1. New sexual harassment duty - Updated guidance
The Equality and Human Rights Commission (EHRC) has published its final updated technical guidance on sexual harassment and harassment at work.
On 26 October 2024 the new duty to take reasonable steps to prevent sexual harassment in the workplace will come into force. To help employers comply with this new duty, the EHRC has published its final updated technical guidance, following a consultation in the summer.
The updated guidance makes it clear that:
- Employers are unlikely to be able to show they have complied with the duty if they have not carried out a risk assessment
- Workers cannot bring a stand-alone claim for third party harassment
It also contains more detail on what constitutes ‘reasonable steps’, with new examples of reasonable steps employers can take to eliminate harassment in the workplace.
In addition, the guidance has a new Employer 8-step guide: Preventing sexual harassment at work.
Practical point
Employers should now take steps to ensure compliance with the new duty, and to foster an inclusive and positive workplace culture. This involves undertaking a comprehensive review of current policies and procedures, training and workplace culture and implementing practical measures to help adopt a proactive stance against sexual harassment and other negative workplace behaviours. Agile policies and procedures are needed to address and demonstrate compliance in this area at both an individual level (for managers) and at company level.
See our detailed article on what the final EHRC guidance means in practice and a 4-step action plan on how employers should prepare for the new duty.
Click here for more information on how we can help.
2. Government reforms - Employment Rights Bill
The government has published the Employment Rights Bill which will bring forward 28 individual employment reforms.
The government’s plans are set out in the Employment Rights Bill, Press Release and Statement made on 10 October 2024. They give more detail on rights and workplace protections that have been trailed over recent months.
Changes could still be made to these proposals before many of them come into effect in 2026, with some more immediate changes on the way.
Some of the headline plans in the Bill include:
- Unfair dismissal protection from day one: the current two-year qualifying period for unfair dismissal protection will be removed. Employers will be able to use probationary periods to assess the suitability of new hires, with a lighter touch dismissal process during this time.
- Flexible working to be the ‘default where practicable’: there will be greater onus on employers to agree to requests unless flexible working is not ‘reasonably practicable’.
- Strengthened harassment protections: new liability on employers for harassment of their employees on any ground (not just sexual harassment) during the course of their employment by third parties.

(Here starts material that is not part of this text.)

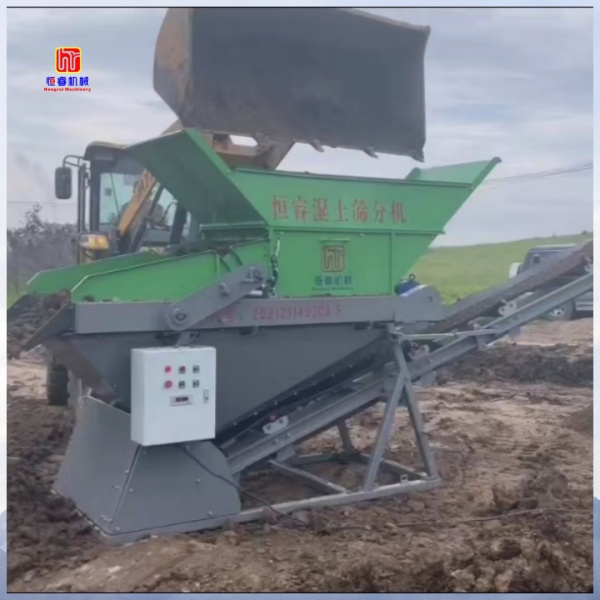 湿土如何筛分？恒睿湿土筛分机给出答案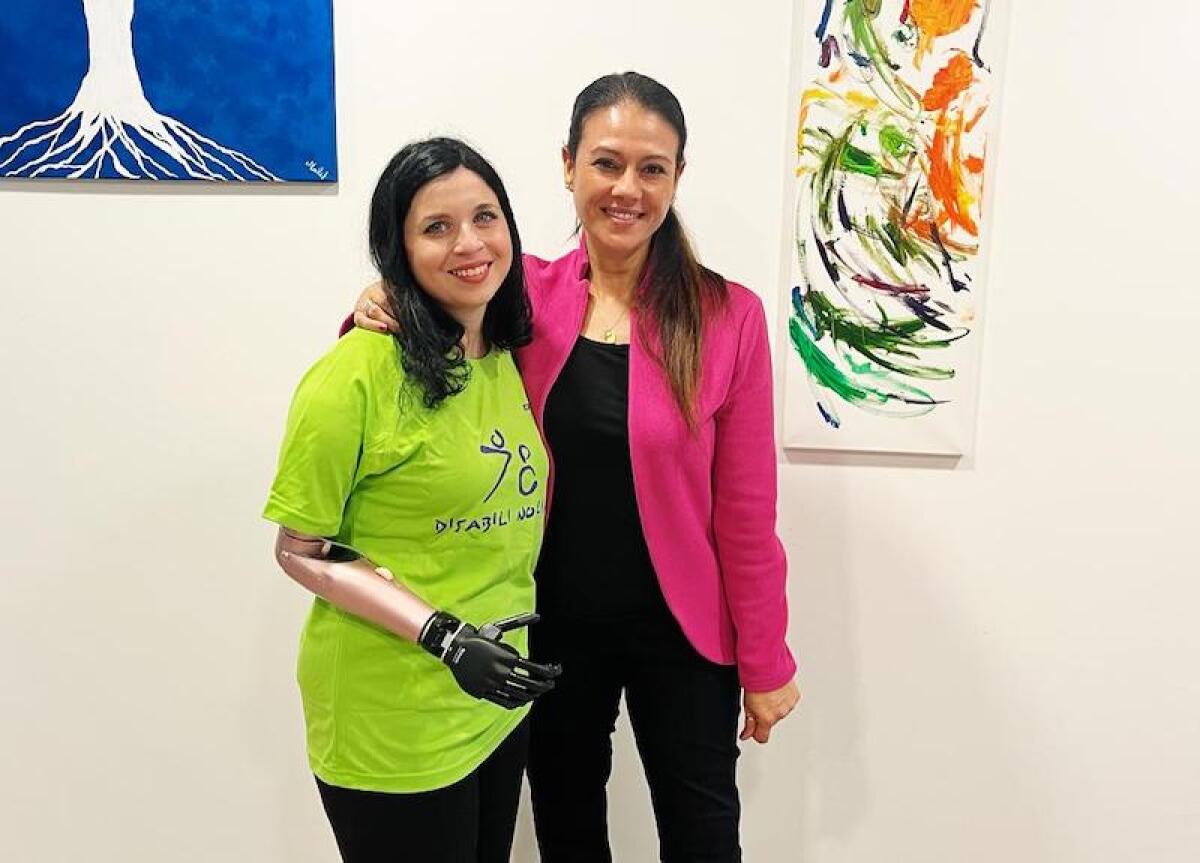 Giusy Versace consegna mano bionica a studentessa palermitana -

It will be a defence to show the employer has taken ‘all reasonable steps’ to prevent the third party from doing so.
- End ‘fire and re-hire’ practices: it will be automatically unfair to dismiss an employee:
- for refusing to agree to a variation to their employment contract
- to replace them with another person, or re-engage them, under a varied contract to carry out substantially the same duties.

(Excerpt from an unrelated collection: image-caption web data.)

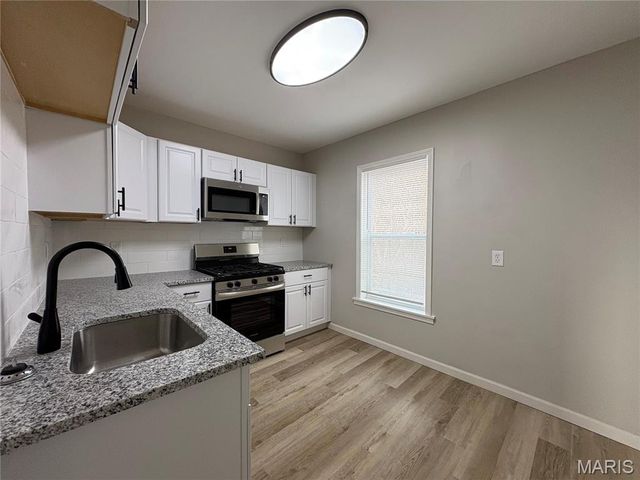 7027 Plateau Avenue, St Louis, MO 63117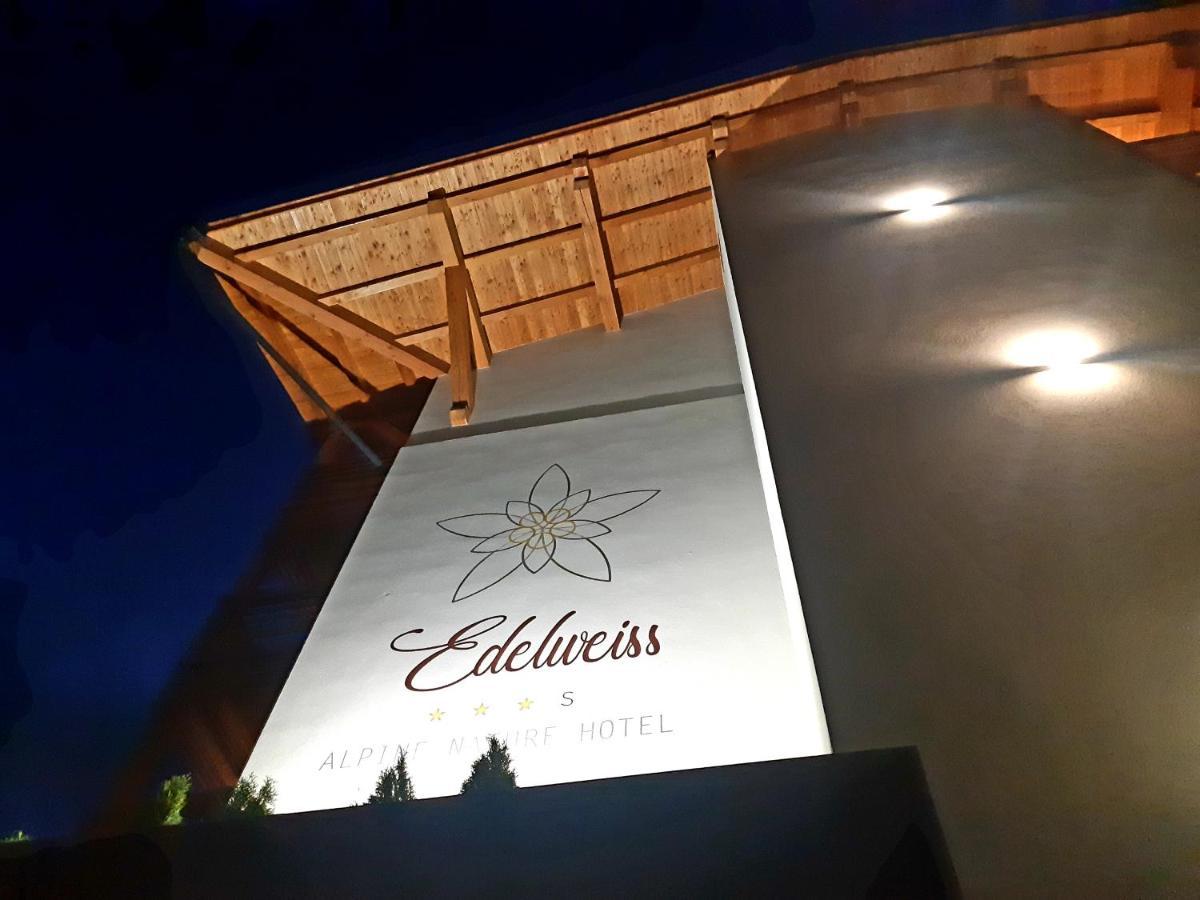 Edelweiss Alpine Nature Pinzolo Exterior foto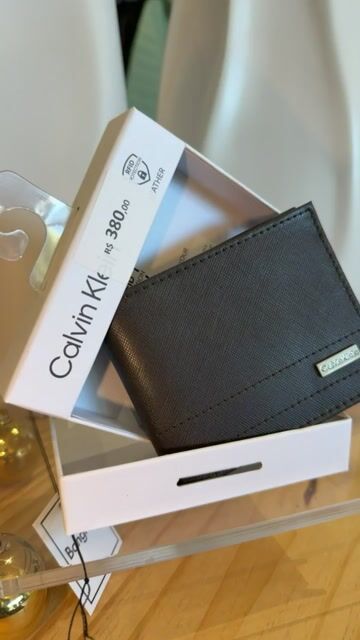 Video de Carteira Masculina Calvin Klein em Couro Saffiano Preto com Proteção RFID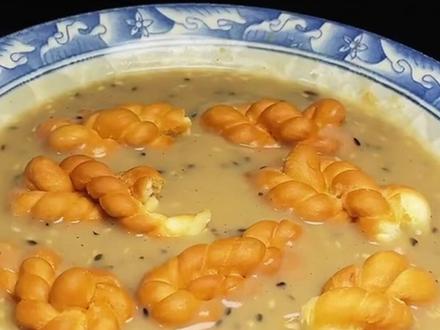 #兆辉油茶粉#山西特产 又品尝到小时候的油茶味道,兆辉家的油茶#非遗美食 秋冬天了 又到了喝油茶的时候了,冲调方法很简单#油茶面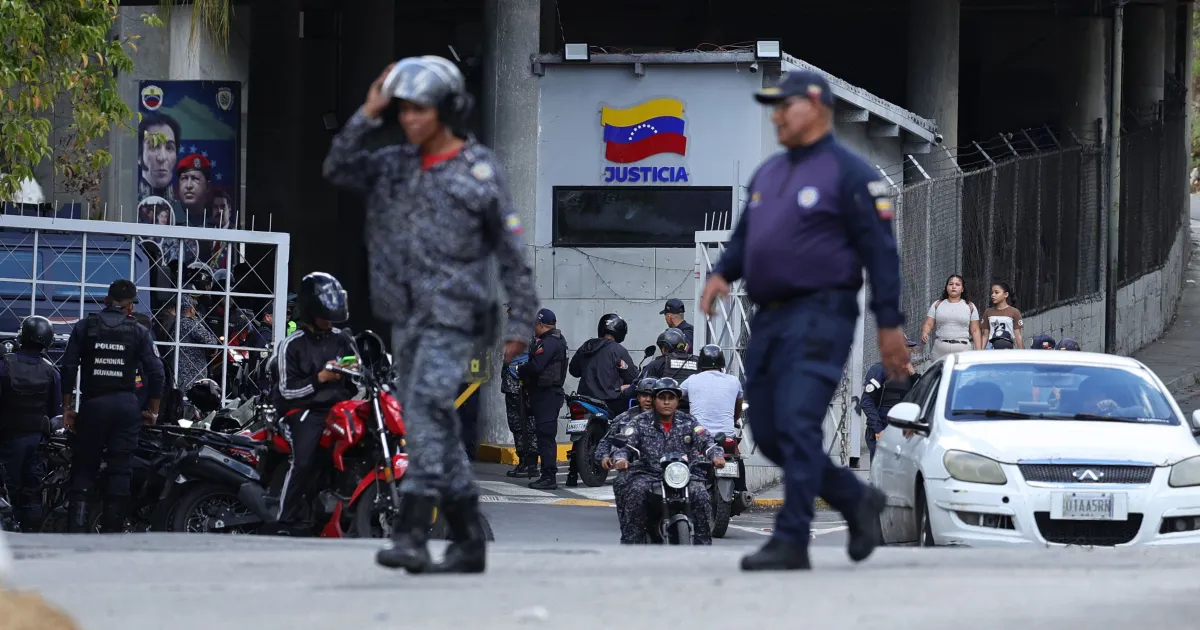 Venezuela sinaliza avanço à "segunda fase" de plano dos EUA para pós-Maduro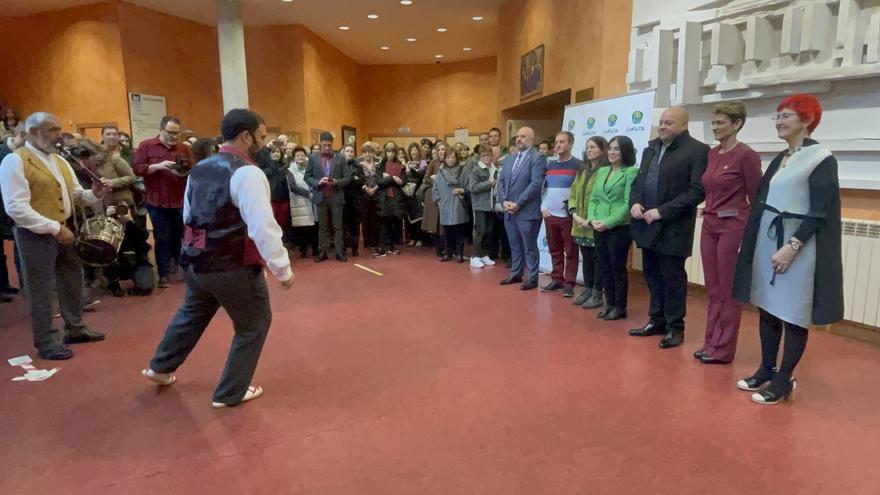 La medicina rural se reivindica en la medalla al médico Iván Vergara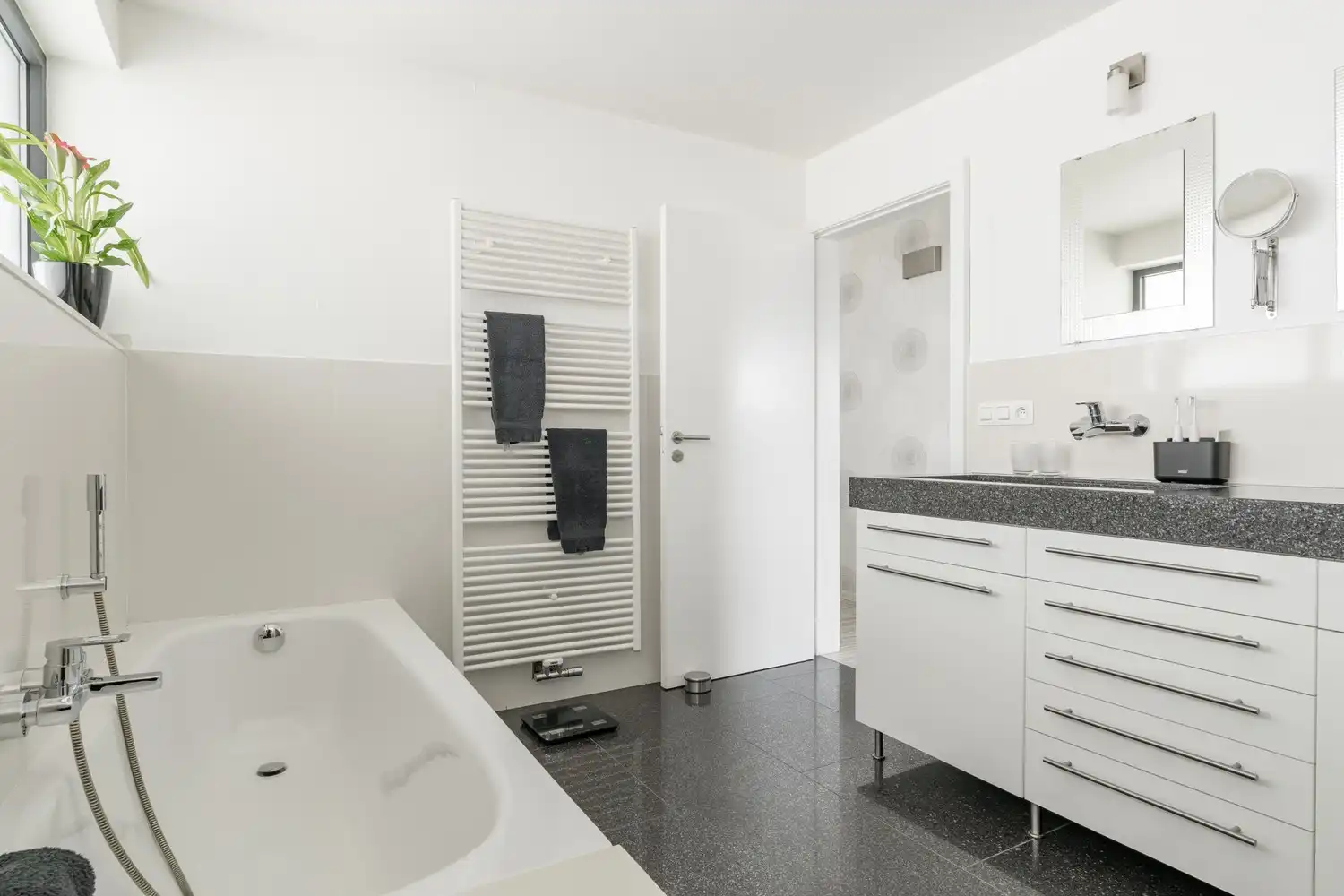 Luxe villa te koop in Neerpelt: moderne architectuur en ruimte in overvloed aan de Beukenlaan. Ideaal voor uw gezin! foto 32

- Collective redundancy consultation: collective consultation will be required, and the duty to notify the Secretary of State on the HR1 form will apply, where an employer plans to dismiss 20 or more employees across the entire business within 90 days or fewer.
- Enhanced rights to statutory sick pay (SSP): all workers will be entitled to SSP from their first day of absence, and the lower earnings limit for SSP will be removed.
- Enhanced parental rights: workers will gain the right to paternity leave, unpaid parental leave and bereavement leave from day one of a job. Strengthened protections for pregnant women and new mothers, and others taking family leave, will also be introduced.
- Zero hours contracts: the proposal is for workers on zero hours or low guaranteed hours who regularly work more hours than their contracts indicate to have a new right to a contract that reflects the number of hours they regularly work over a 12-week period. Workers will also be entitled to reasonable notice of any changes in shifts, with proportionate compensation for any shifts cancelled or curtailed at short notice. These measures will extend to agency workers.
A range of further measures to come are outlined in the government’s ‘Next Steps’ policy paper.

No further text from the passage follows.